Bacterial chaperones to improve protein production in insect cells
In E. coli, our model protein is obtained mainly as highly active inclusion bodies. Our results show that although protein solubility can be enhanced by optimizing several parameters in the production process, conditions promoting high production levels result in decreased conformational quality of the protein. Since it is not possible to enhance simultaneously production yield and quality, process design should be optimized depending on the most relevant feature for the final use of the protein.
Moreover, the soluble version of this protein contains a wide range of soluble aggregates, which constitute a heterogeneous population regarding secondary structure and functionality of the protein. This indicates that inclusion bodies, being more homogeneous than their soluble counterparts, can be regarded as a narrow subpopulation among all the recombinant protein species. Moreover, the quality of the recombinant protein represents a statistical average of the quality of each of these species.

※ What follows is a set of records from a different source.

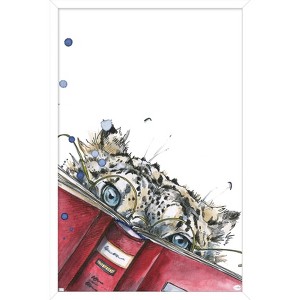 Trends International Snowtap - Snow Leopard Reading Framed Wall Poster Prints - 1 of 4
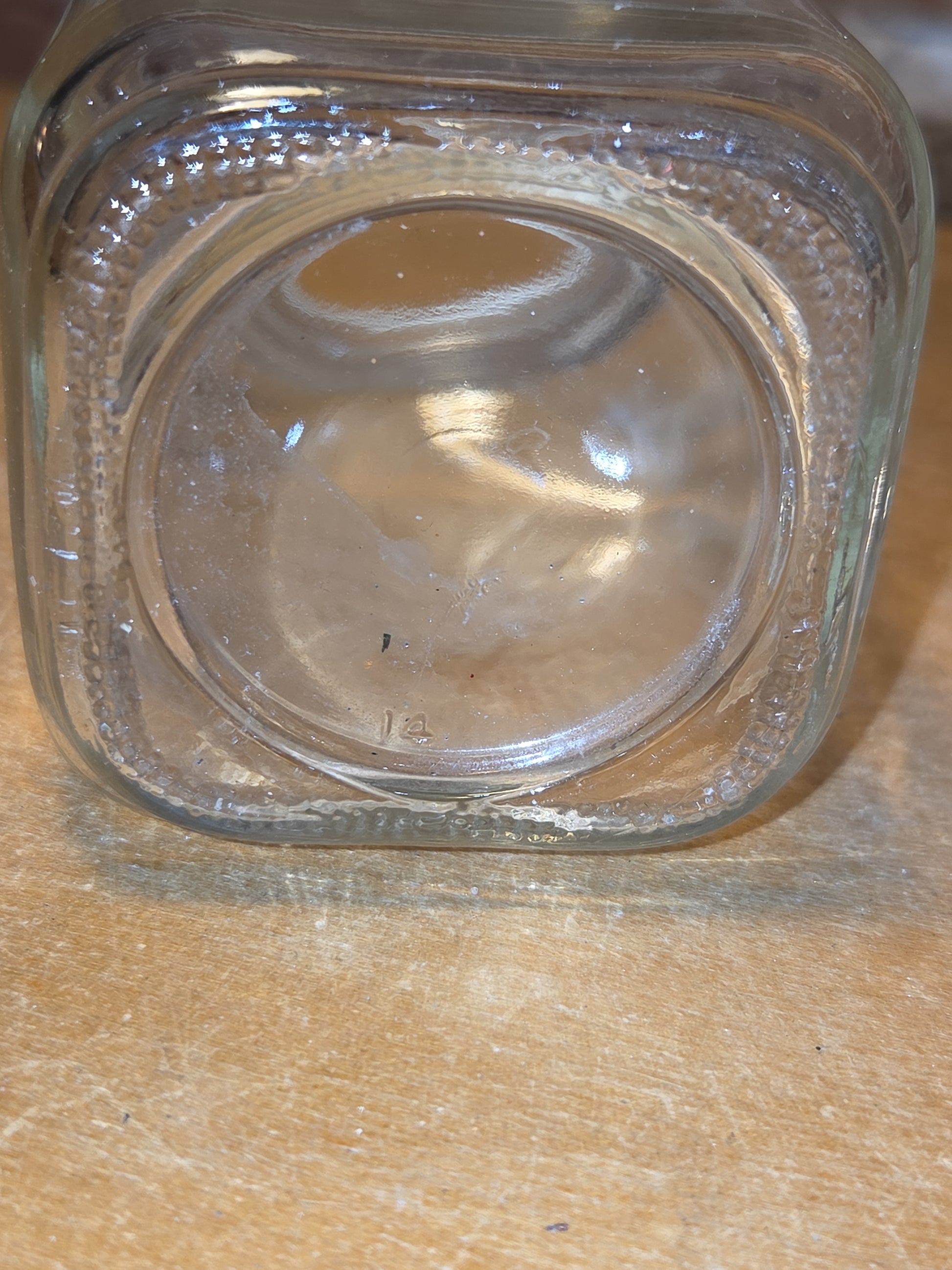 Vintage Clear Glass Square Canister with Sunburst Lid 2 1/2" square sj1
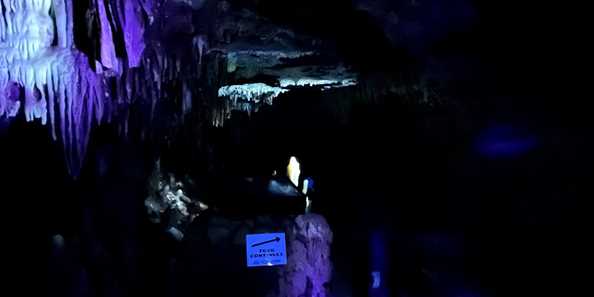 Glowing Rocks in Total Darkness of Cave of the Mounds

One of the most widely used strategies to improve solubility of recombinant proteins consists of coexpressing folding modulators. When the bacterial chaperone pair DnaK/DnaJ was coexpressed in E. coli together with our model GFP, we observed a decrease in aggregation, which was associated to proteolysis. Rehosting of these chaperones, together with our model protein, to the baculovirus expression system (using either cultured insect cells or larvae as hosts) allowed us to maintain the foldase activity of DnaKJ while avoiding their associated proteolytic activity, as it is dependent on bacterial proteases. By using the baculovirus expression system, we observed enhanced production levels (both total and soluble), proteolytic stability, solubility and biological activity of our recombinant protein when it was coexpressed with bacterial chaperones DnaKJ. Furthermore, the concept that yield and quality of the recombinant protein are antagonistic parameters that cannot be favored simultaneously in production processes has been proven in a eukaryotic system.
Finally, we have also demonstrated that bacterial chaperones are functional in a eukaryotic system. This expands the catalogue of folding modulators available for eukaryotic systems.
References
"Engineering and Production of Quality Viral Proteins in Prokaryotic and Eukaryotic Systems". PhD thesis defended by Mònica Martínez Alonso on 16 February at 12:00 in the Sala de Graus of the Facultat de Biociències.